The time is now. We know that there is no country in the world where men and women are equal. We also know that world leaders are listening. The World Bank has acknowledged gender aggressive laws as the biggest obstacle to equality, while the G7 endorsed gender responsive laws as the solution when they met in May 2019.

00:03:35 Ramona Vijeyarasa

So I hope you find the gender legislative index useful in our collective fight for gender equality.

Wielding the law as a tool for good

Already the index is driving change. Tasmania used the tool to establish Australia’s first ever parliamentary Gender and Equality Audit Committee, which is currently auditing draft legislation to ensure gender responsiveness. Vijeyarasa hopes this is just the beginning.

“Gender equality is one of the greatest challenges that we face in the world right now,” she says.

“If we don’t address it, it will exacerbate but also be made worse by other challenges like climate change and global conflict.”

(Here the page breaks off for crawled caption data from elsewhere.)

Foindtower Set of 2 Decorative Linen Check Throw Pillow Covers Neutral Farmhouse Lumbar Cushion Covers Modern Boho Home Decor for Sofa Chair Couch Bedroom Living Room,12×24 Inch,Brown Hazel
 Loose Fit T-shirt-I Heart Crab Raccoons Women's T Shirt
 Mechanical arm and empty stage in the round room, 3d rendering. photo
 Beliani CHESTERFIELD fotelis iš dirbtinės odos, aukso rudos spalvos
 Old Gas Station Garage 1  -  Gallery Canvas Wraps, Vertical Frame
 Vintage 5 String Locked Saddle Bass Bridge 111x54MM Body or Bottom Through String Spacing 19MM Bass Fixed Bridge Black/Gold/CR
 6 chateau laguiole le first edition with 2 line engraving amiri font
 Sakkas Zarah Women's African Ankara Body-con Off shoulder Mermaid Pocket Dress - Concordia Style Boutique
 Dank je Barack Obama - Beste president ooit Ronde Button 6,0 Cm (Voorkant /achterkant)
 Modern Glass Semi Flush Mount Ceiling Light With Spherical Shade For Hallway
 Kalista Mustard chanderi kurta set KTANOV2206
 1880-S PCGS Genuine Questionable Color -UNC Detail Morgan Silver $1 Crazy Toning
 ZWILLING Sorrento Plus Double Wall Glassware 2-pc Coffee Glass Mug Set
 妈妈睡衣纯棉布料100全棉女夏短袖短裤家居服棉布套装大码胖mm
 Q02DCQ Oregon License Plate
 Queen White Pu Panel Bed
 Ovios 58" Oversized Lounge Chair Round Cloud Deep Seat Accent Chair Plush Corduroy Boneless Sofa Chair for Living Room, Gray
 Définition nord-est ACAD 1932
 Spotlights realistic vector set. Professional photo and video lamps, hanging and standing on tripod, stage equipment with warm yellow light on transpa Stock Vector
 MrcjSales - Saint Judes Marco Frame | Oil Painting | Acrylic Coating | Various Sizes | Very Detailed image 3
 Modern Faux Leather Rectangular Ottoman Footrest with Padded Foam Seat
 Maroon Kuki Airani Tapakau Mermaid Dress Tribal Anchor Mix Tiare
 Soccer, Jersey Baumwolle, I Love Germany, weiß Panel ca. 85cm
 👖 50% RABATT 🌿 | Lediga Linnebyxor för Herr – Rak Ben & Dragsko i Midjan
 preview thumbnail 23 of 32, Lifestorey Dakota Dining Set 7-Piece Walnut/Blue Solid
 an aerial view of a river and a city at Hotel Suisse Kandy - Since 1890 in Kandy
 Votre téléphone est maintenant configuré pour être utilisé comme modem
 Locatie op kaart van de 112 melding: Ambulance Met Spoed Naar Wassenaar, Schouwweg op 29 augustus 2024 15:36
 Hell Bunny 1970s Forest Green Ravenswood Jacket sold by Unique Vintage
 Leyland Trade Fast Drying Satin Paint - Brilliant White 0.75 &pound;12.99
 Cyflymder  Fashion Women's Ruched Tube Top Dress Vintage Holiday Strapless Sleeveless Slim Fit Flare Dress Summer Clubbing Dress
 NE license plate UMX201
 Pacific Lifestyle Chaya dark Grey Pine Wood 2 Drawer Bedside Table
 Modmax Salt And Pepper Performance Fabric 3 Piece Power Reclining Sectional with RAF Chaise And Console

Vijeyarasa is also shaping the next generation of legal professionals to think more broadly about the law as a channel for progress. She took the reins of the UTS Faculty of Law’s Juris Doctor program in 2022, where she has worked to embed social justice into the curriculum.  

“The idea of the law as a tool for social justice is a shared value across the faculty and within the Juris Doctor,” she says.

“Issues of injustice impact people from every life path. We’re really conscious of the need to bring this gendered and intersectional lens to our research and teaching.”